DESCRIPTION OF THE TASK: Each record below should be returned exactly, with its pictures left out.

RECORDS SUPPLIED Block Start

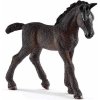 schleich 13820 lipicanske hribe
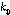 http://static.apub.kr/journalsite/sites/kta/2009-011-04/N0550110403/images/PICD1DC.gif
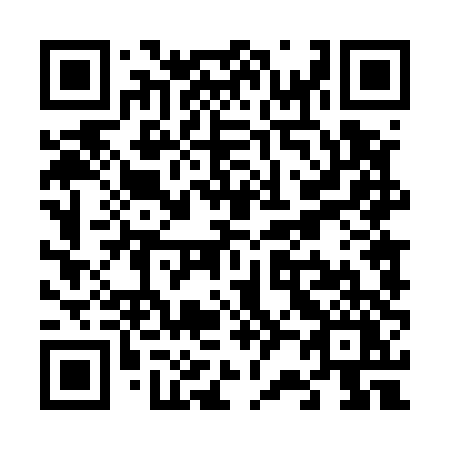 QR code for plate V24-54Y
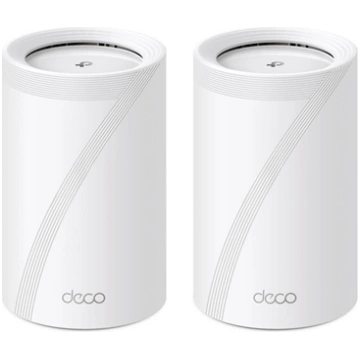 Wireless Router|TP-LINK|Wireless Access Point / Ro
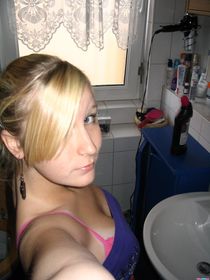 Free Amateur BBW Lesbian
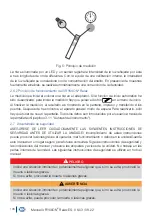 Preview for 178 page of Macherey-Nagel URYXXON Relax User Manual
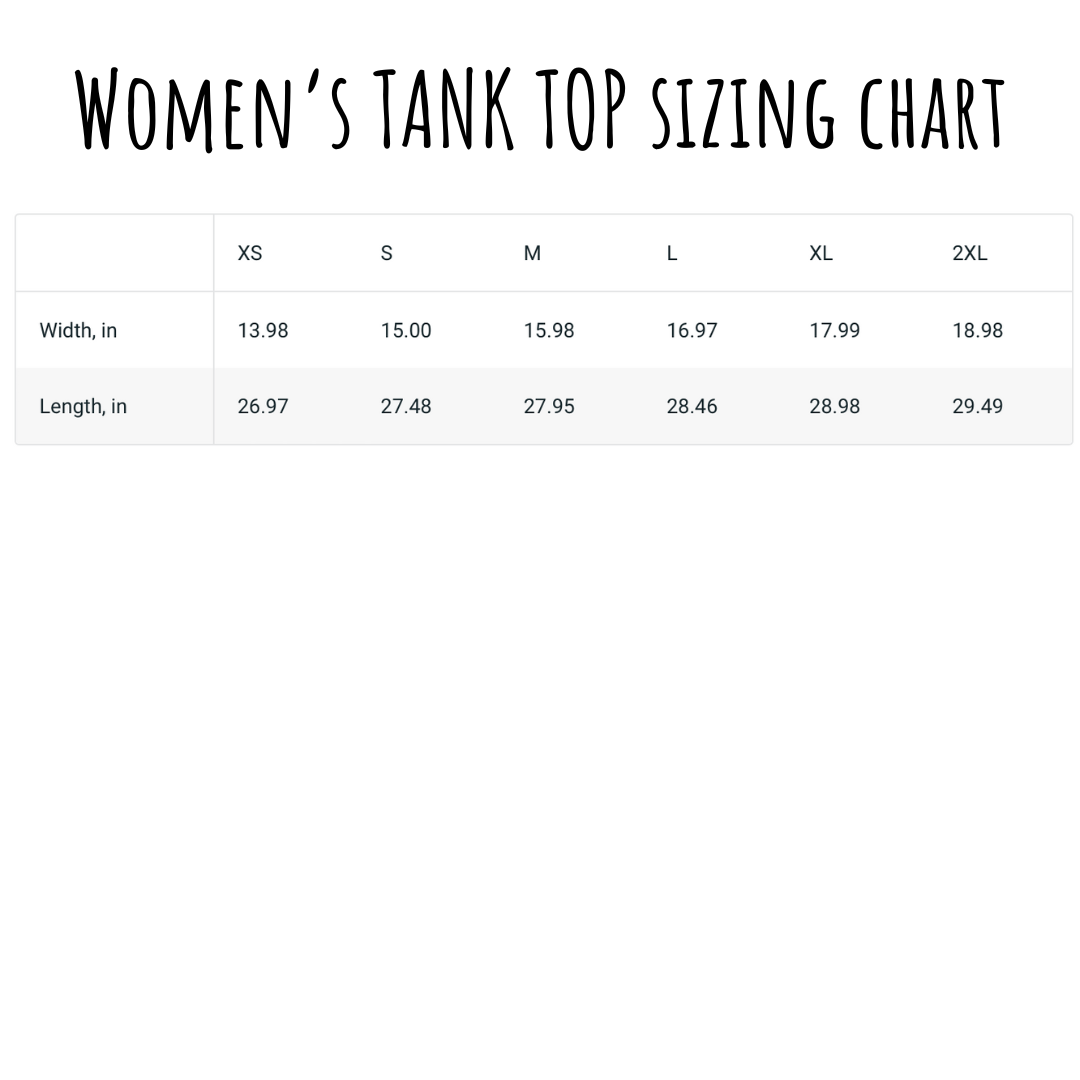 Strong is Beautiful Shirt for Workout Lover gifts for Womens Tank Tops for Gym gifts for Her gift for Mom Tank Tops Strength Training T Shirts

RECORDS SUPPLIED Block End

TASK SOLUTION:
 schleich 13820 lipicanske hribe
 http://static.apub.kr/journalsite/sites/kta/2009-011-04/N0550110403/images/PICD1DC.gif
 QR code for plate V24-54Y
 Wireless Router|TP-LINK|Wireless Access Point / Ro
 Free Amateur BBW Lesbian
 Preview for 178 page of Macherey-Nagel URYXXON Relax User Manual
 Strong is Beautiful Shirt for Workout Lover gifts for Womens Tank Tops for Gym gifts for Her gift for Mom Tank Tops Strength Training T Shirts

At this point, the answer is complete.